ПРОПАВШАЯ ПОРНОГРАФИЯ


        Пока разыскивали Николая и Татьяну, я оформил, наконец, печатные варианты протоколов всех осмотров, сделал к ним схемы, осмотрел вещественные доказательства, направил требования о судимости, пребывании обвиняемых на учете у нарколога и психиатра, истребовал их характеристики с места проживания, подшил некоторые ответы на запросы.

         Пришли первые выводы судебно-медицинской и иммунологической экспертиз, в соответствии с которыми на теле и в половых органах убитой обнаружены следы спермы. Была определена ее видовая и групповая принадлежность. В крови убитой девушки отчего-то оказался алкоголь, причем в концентрации, характерной для средней степени опьянения, что было очень странно, ведь Лена вообще не употребляла спиртного.

         Для порядка я допросил подруг Лены, классную руководительницу, несколько родственников. Признал потерпевшей мать убитой - Наталью и допросил ее в этом качестве, хотя непрекращающуюся истерику и крики, которые еще месяц после этого звучали у меня в ушах,назвать допросом трудновато.
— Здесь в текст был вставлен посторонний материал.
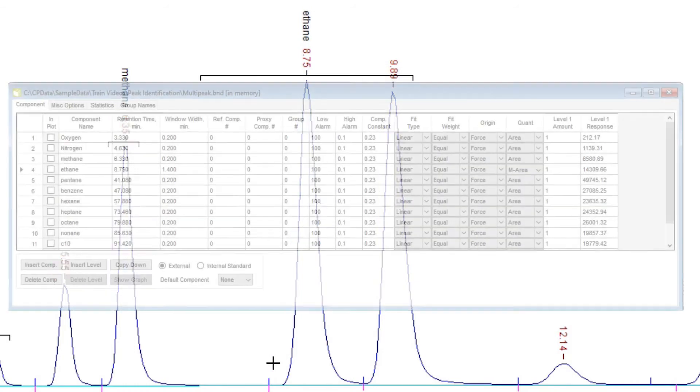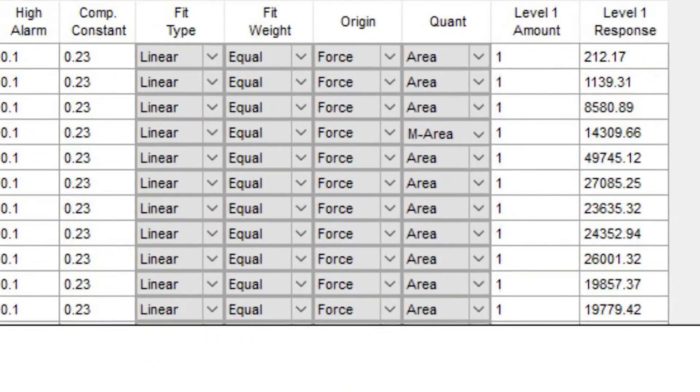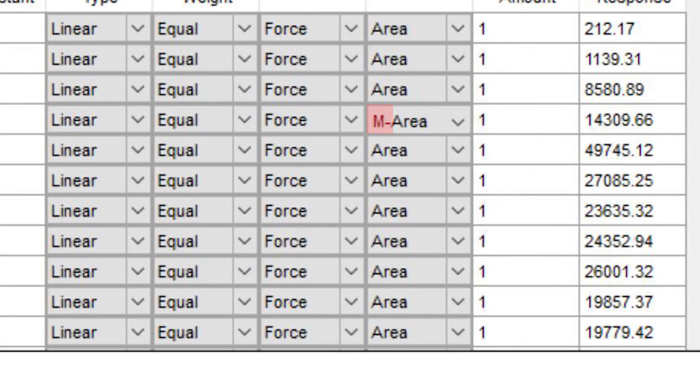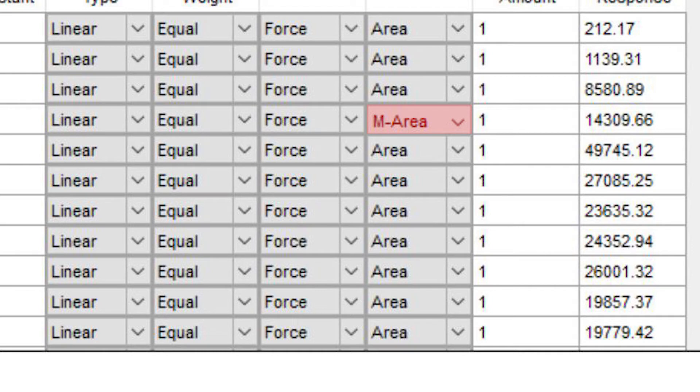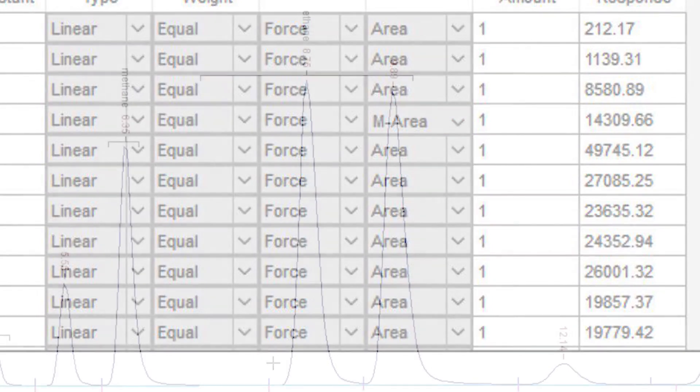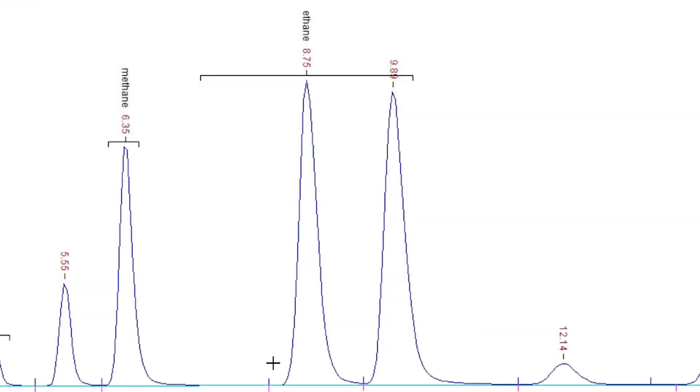Furthermore, if, in the calibration file, the quantization type of a component is set to multi-peak area or height, then two things happen. First, calibration updates use all the peaks that lie under the window to determine the response for that component.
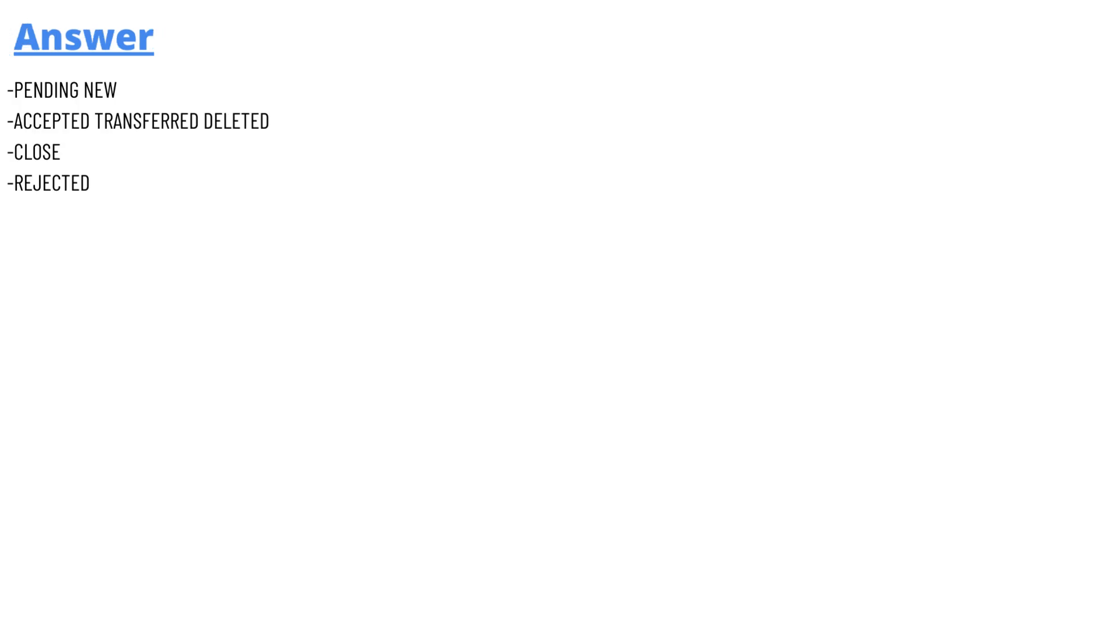Pending, New, Accepted, Transferred and Deleted. Another option we have is Closed and Rejected. So that's the answer.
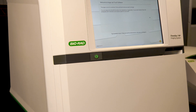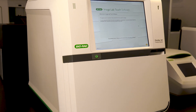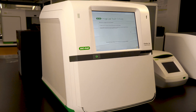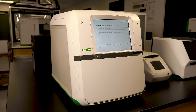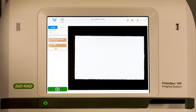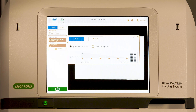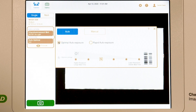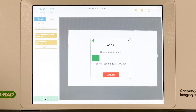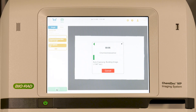In this video, we review the differences between the optimal and rapid automatic exposure settings on Bio-Rad imaging systems running ImageLab Touch software. You may have noticed that there are two auto exposure options in the ImageLab Touch interface. These options provide flexibility in image capture. For most blots, we recommend using the optimal auto exposure setting, which uses longer exposure times to increase sensitivity and maximize dynamic range without saturated pixels.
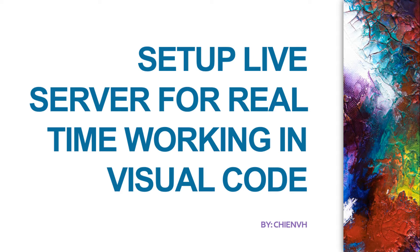But when you are using Visual Studio Code, you don't need to set up any separate server. We have an extension called Live Server, which will help you to work in real-time. In this video today I will guide you how to set up and do some configuration to run it on your PC.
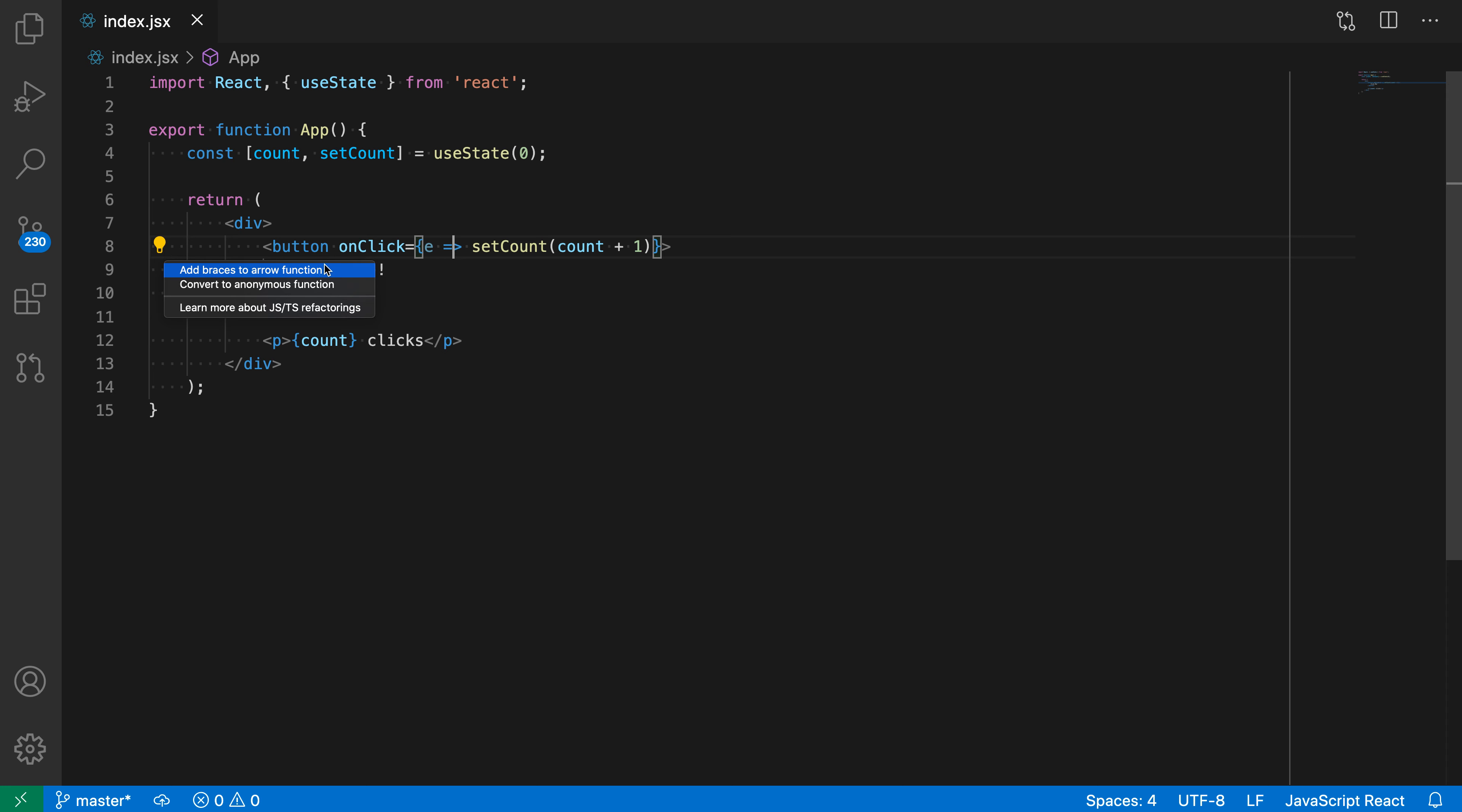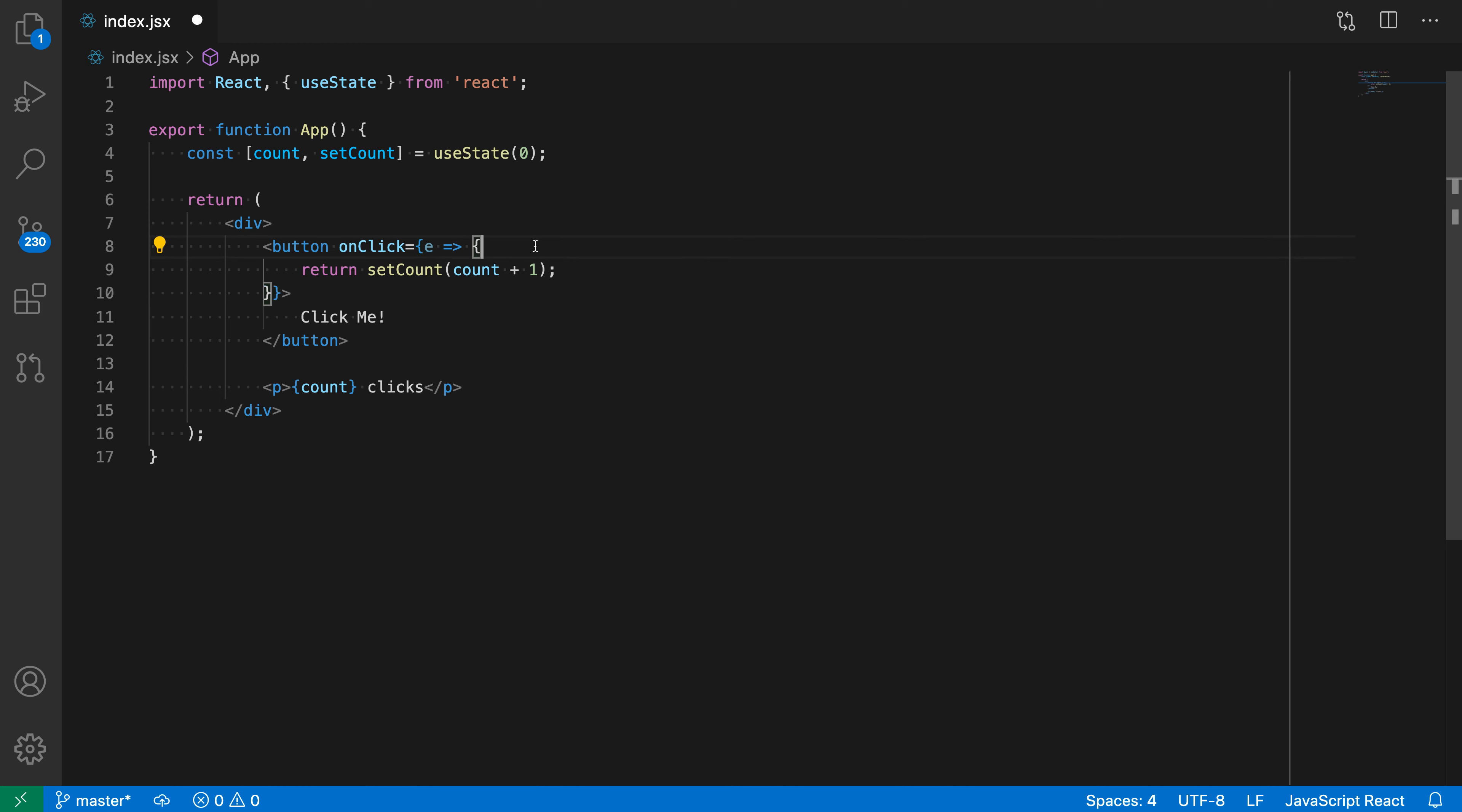And here I'm going to say add braces to arrow function. And when I do this, sure enough, it's converted it. So it's now using a block body between these braces here.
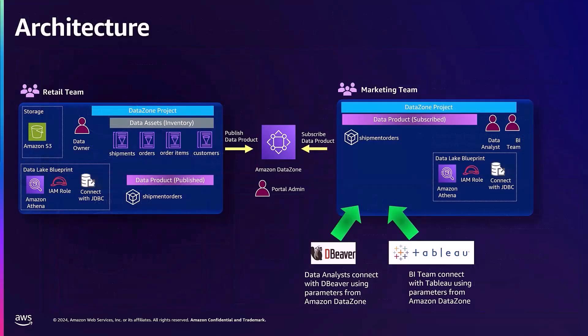In this demo, we are going to walk you through how to connect various analytics tools to Amazon DataZone using the Athena JDBC driver. By the end, you will see how easy it is to access your subscribed data within your DataZone project, no matter which tool you prefer.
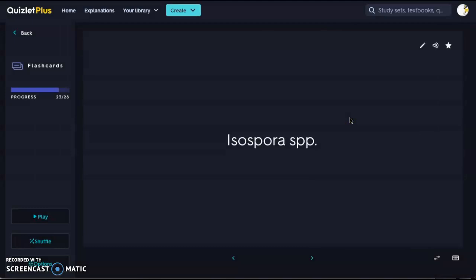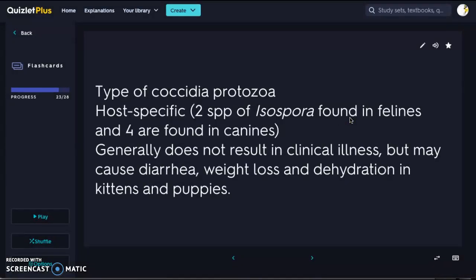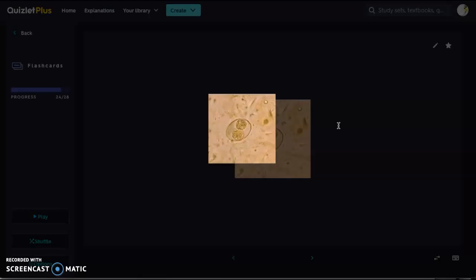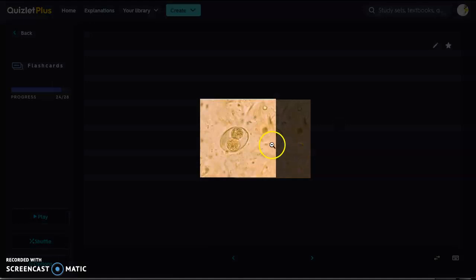Now we're getting into the protozoa. We have Isospora species, which is a type of coccidia protozoa. They are host-specific — two species are found in felines and four in canines. They generally do not cause clinical illness; most animals will have coccidia in some form and the body fights it off. But if there is an overabundance, you may see diarrhea, drastic weight loss, or dehydration, especially in kittens and puppies.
         Тогда же случился один забавный случай. Выше упоминалось, что на второй день после убийства, в так называемом доме, а вернее в грязном и смрадном сарае, где проживали Чулюки, провели обыск, во время которого изъяли рубашку Коляна, с бурыми следами, похожими на кровь, кухонный нож и восемь порнографических журналов.

         Добравшись, наконец, через месяц до этих вещественных доказательств, я осмотрел рубашку  и нож. Распаковав черный полиэтиленовый пакет, где должны были храниться эти журналы, я с удивлением обнаружил там лишь грязную газету «Червоный прапор» за 1999 год. Я внимательно посмотрел на бирку. На ней черным по белому было написано: «Журналы порнографического характера, изъятые во время обыска в жилище Чулюк 12.08.2000».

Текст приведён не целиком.